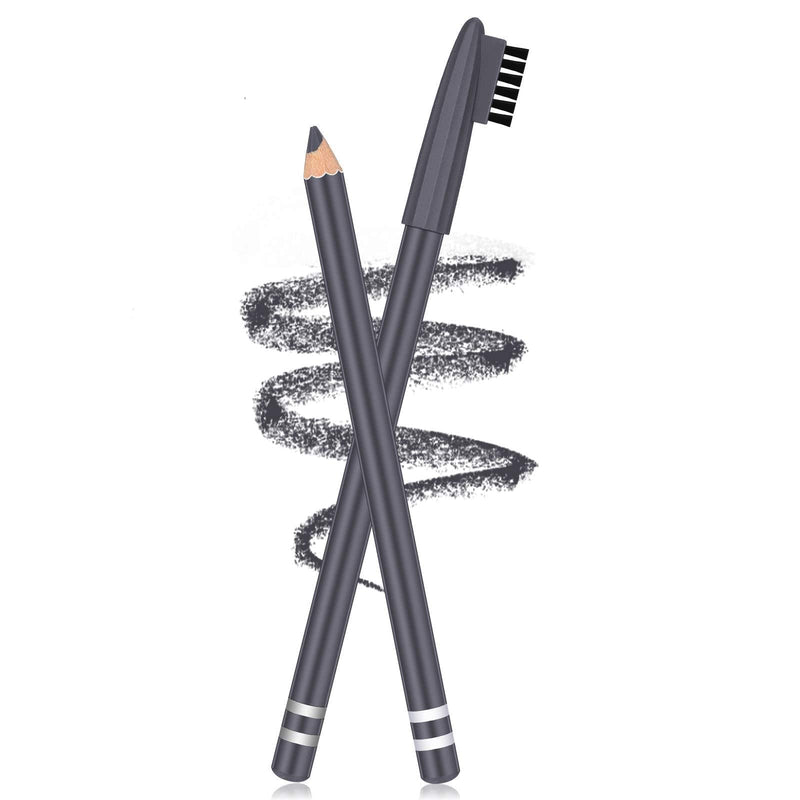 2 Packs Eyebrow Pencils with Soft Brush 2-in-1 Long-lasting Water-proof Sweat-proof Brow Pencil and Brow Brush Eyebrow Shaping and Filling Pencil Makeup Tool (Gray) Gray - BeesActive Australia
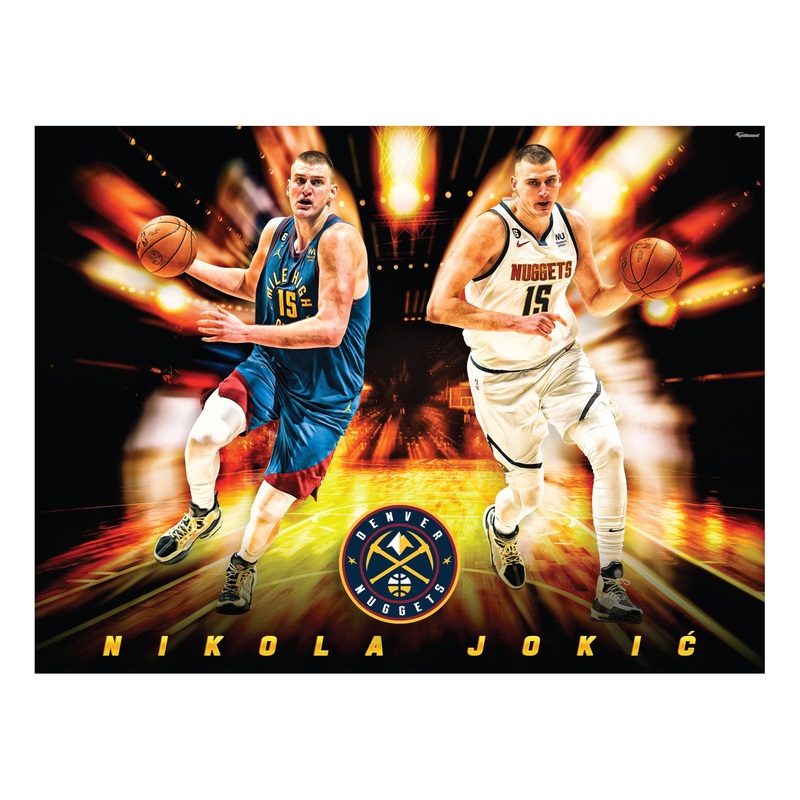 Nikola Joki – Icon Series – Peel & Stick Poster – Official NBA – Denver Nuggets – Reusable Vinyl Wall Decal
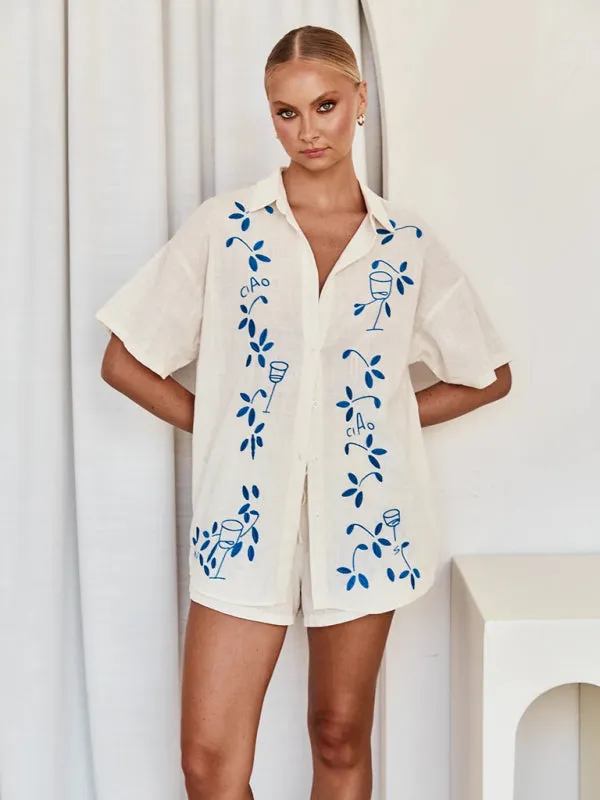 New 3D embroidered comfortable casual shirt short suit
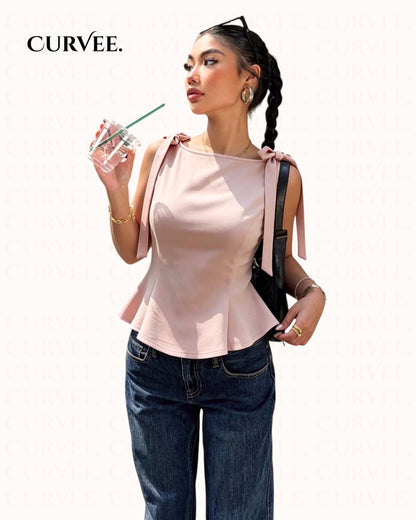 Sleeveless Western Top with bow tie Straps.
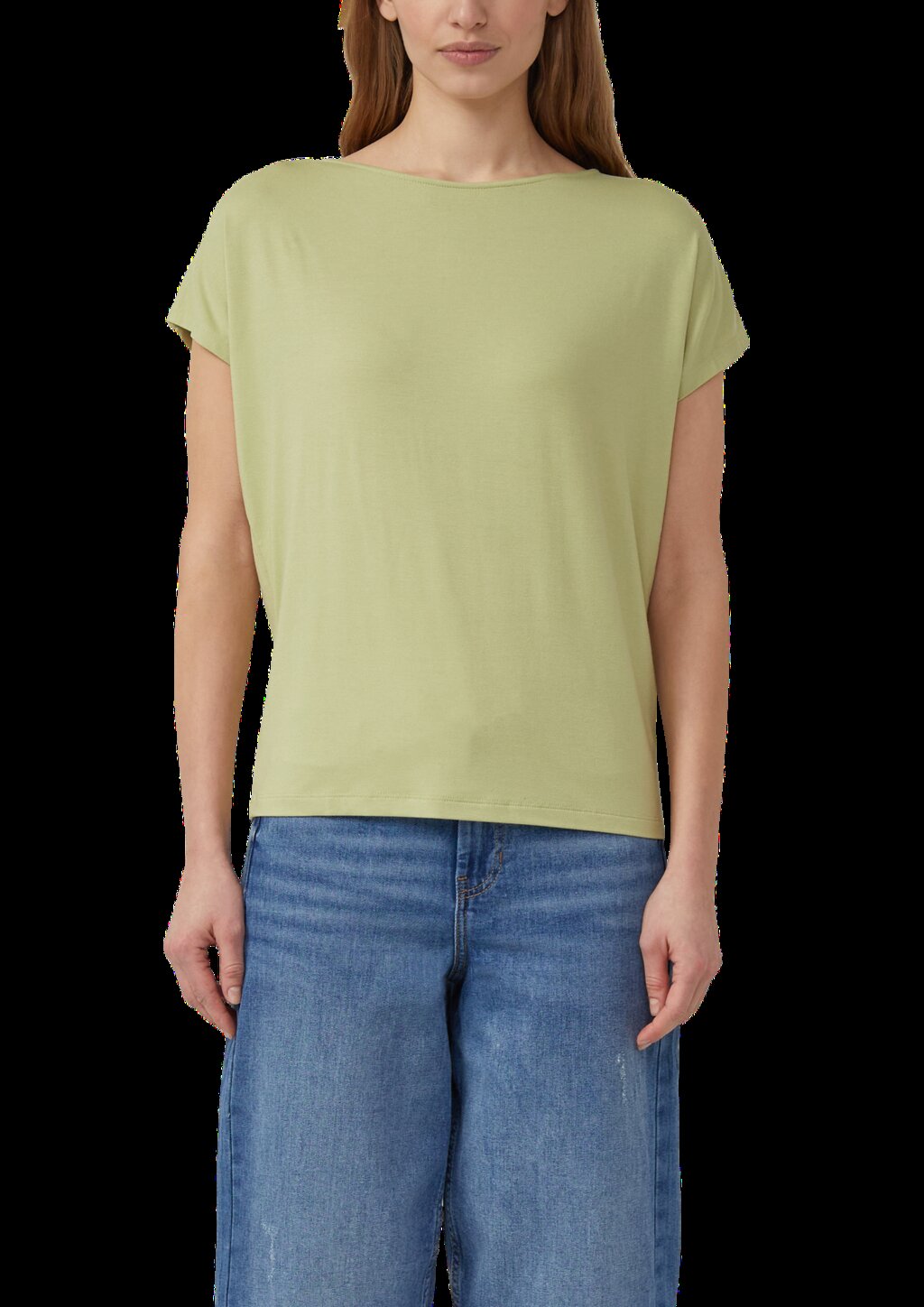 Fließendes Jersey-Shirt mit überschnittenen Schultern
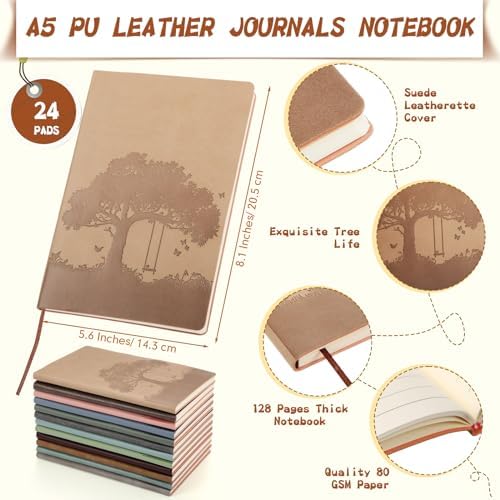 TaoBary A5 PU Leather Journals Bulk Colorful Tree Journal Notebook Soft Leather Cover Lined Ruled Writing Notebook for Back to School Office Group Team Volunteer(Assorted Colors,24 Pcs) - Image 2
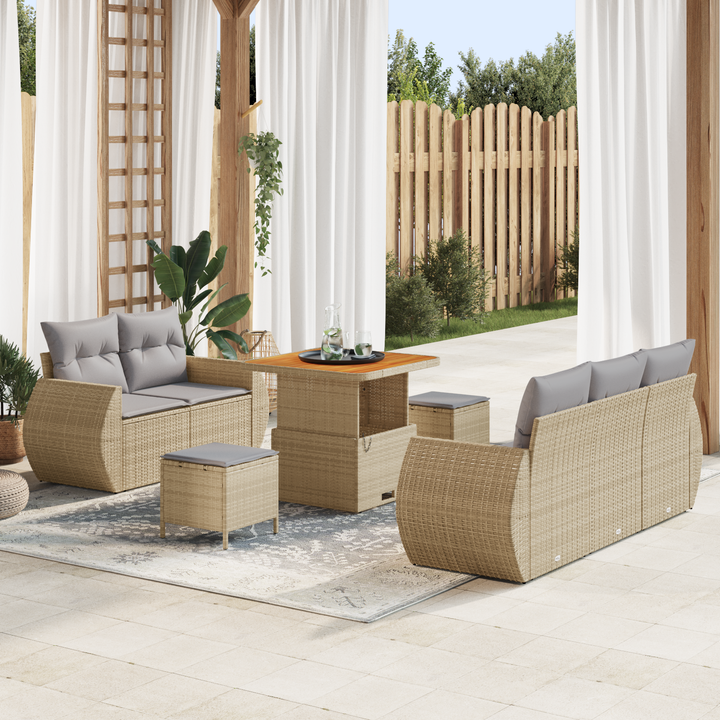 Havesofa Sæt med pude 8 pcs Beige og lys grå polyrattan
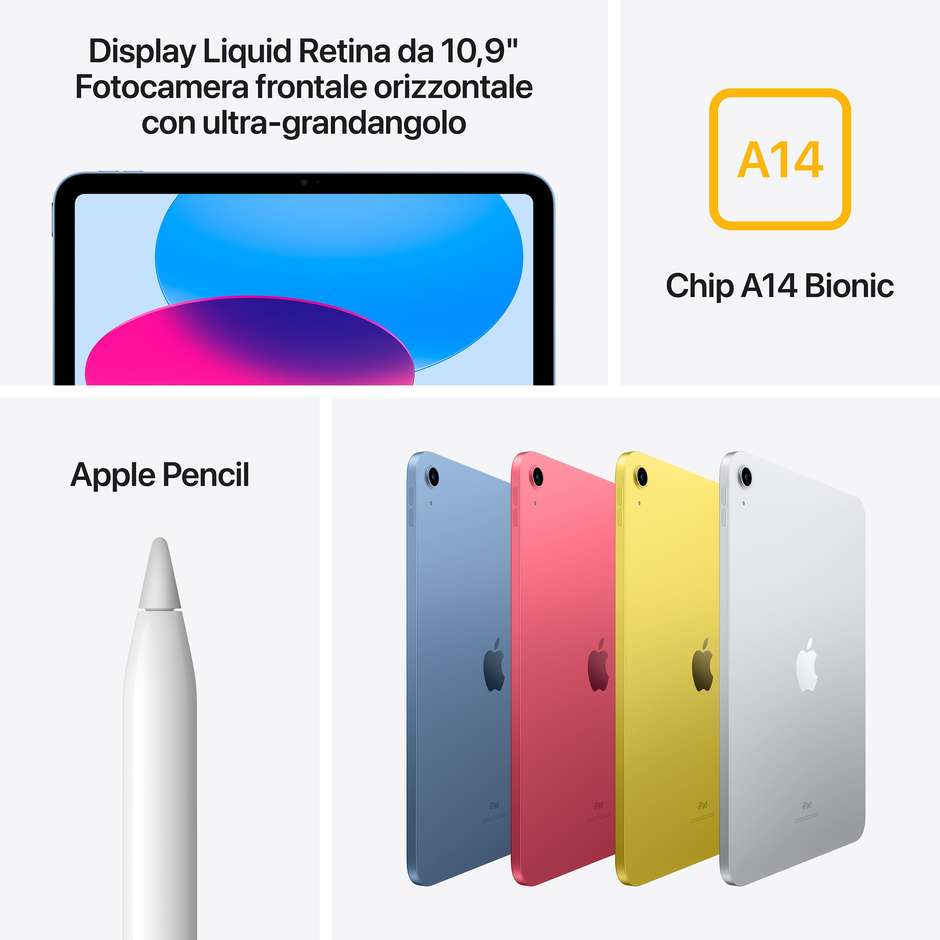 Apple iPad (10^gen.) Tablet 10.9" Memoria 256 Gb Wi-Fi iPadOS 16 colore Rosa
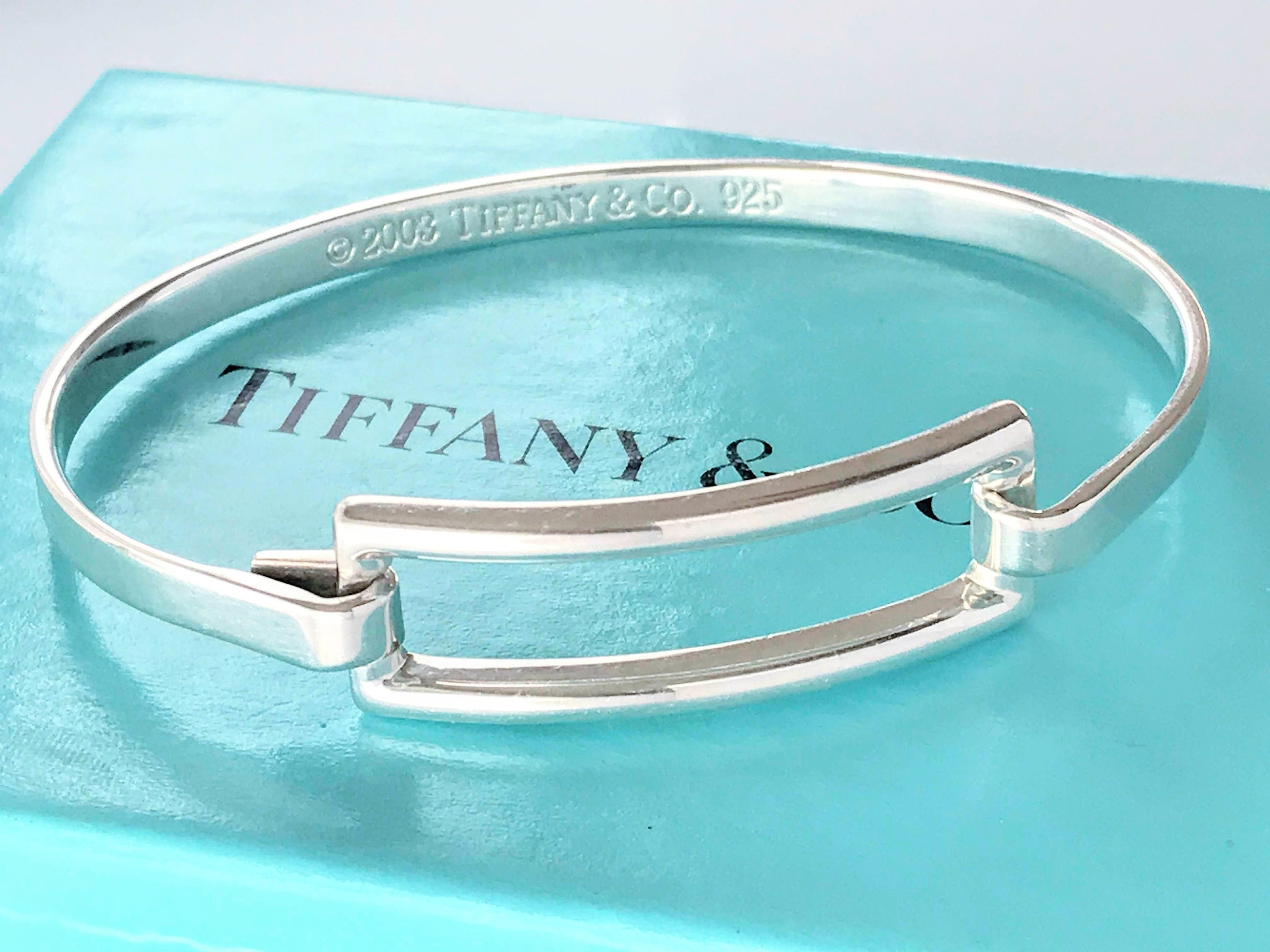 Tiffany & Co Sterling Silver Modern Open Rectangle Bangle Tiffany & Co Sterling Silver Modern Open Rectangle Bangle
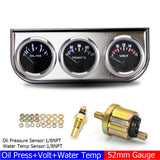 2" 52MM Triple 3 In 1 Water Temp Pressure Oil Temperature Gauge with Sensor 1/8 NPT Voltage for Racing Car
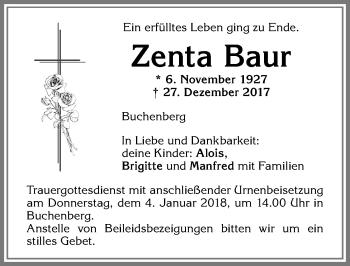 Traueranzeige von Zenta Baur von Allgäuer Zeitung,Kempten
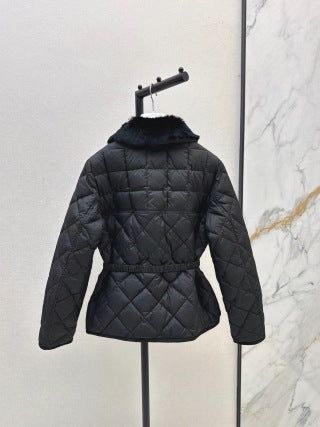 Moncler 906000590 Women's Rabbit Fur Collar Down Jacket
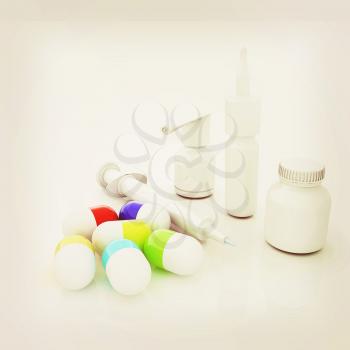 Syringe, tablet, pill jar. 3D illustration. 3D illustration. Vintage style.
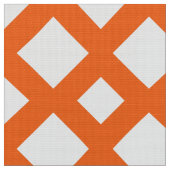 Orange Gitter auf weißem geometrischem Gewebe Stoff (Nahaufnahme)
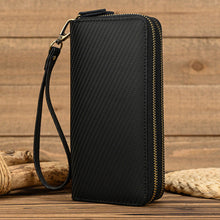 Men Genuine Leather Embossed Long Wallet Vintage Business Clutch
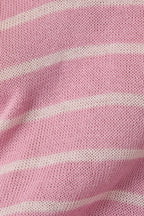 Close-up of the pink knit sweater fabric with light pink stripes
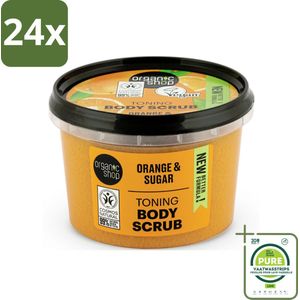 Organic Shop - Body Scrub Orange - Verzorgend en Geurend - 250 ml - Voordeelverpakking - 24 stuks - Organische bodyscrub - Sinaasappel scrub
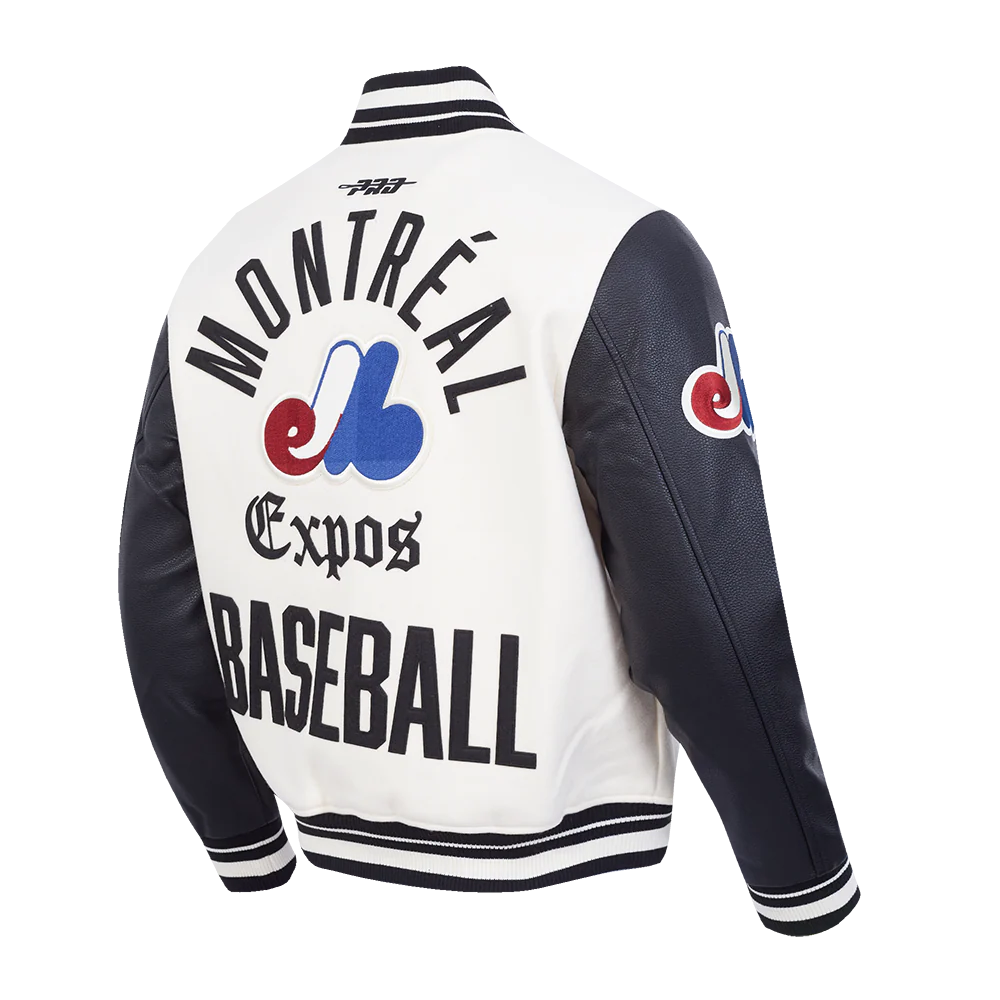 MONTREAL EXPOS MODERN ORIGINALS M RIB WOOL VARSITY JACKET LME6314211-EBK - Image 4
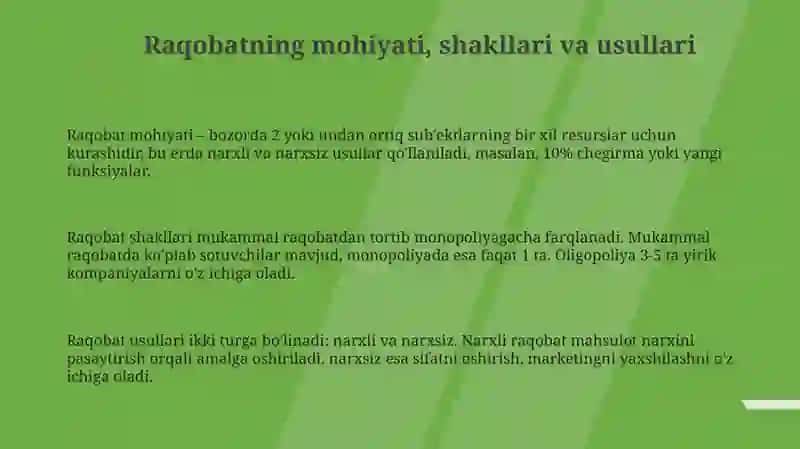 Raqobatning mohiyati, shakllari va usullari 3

▬▬▬▬▬▬▬▬▬▬

Exercise objective — Return exactly, and only, the lines that run from the line containing "TaoBary A5 PU" to the last line of the entries above, both ends included, with pictures left out.

Finished exercise —
 TaoBary A5 PU Leather Journals Bulk Colorful Tree Journal Notebook Soft Leather Cover Lined Ruled Writing Notebook for Back to School Office Group Team Volunteer(Assorted Colors,24 Pcs) - Image 2
 Havesofa Sæt med pude 8 pcs Beige og lys grå polyrattan
 Apple iPad (10^gen.) Tablet 10.9" Memoria 256 Gb Wi-Fi iPadOS 16 colore Rosa
 Tiffany & Co Sterling Silver Modern Open Rectangle Bangle Tiffany & Co Sterling Silver Modern Open Rectangle Bangle
 2" 52MM Triple 3 In 1 Water Temp Pressure Oil Temperature Gauge with Sensor 1/8 NPT Voltage for Racing Car
 Traueranzeige von Zenta Baur von Allgäuer Zeitung,Kempten
 Moncler 906000590 Women's Rabbit Fur Collar Down Jacket
 Syringe, tablet, pill jar. 3D illustration. 3D illustration. Vintage style.
 Orange Gitter auf weißem geometrischem Gewebe Stoff (Nahaufnahme)
 Men Genuine Leather Embossed Long Wallet Vintage Business Clutch
 Close-up of the pink knit sweater fabric with light pink stripes
 Organic Shop - Body Scrub Orange - Verzorgend en Geurend - 250 ml - Voordeelverpakking - 24 stuks - Organische bodyscrub - Sinaasappel scrub
 MONTREAL EXPOS MODERN ORIGINALS M RIB WOOL VARSITY JACKET LME6314211-EBK - Image 4
 Raqobatning mohiyati, shakllari va usullari 3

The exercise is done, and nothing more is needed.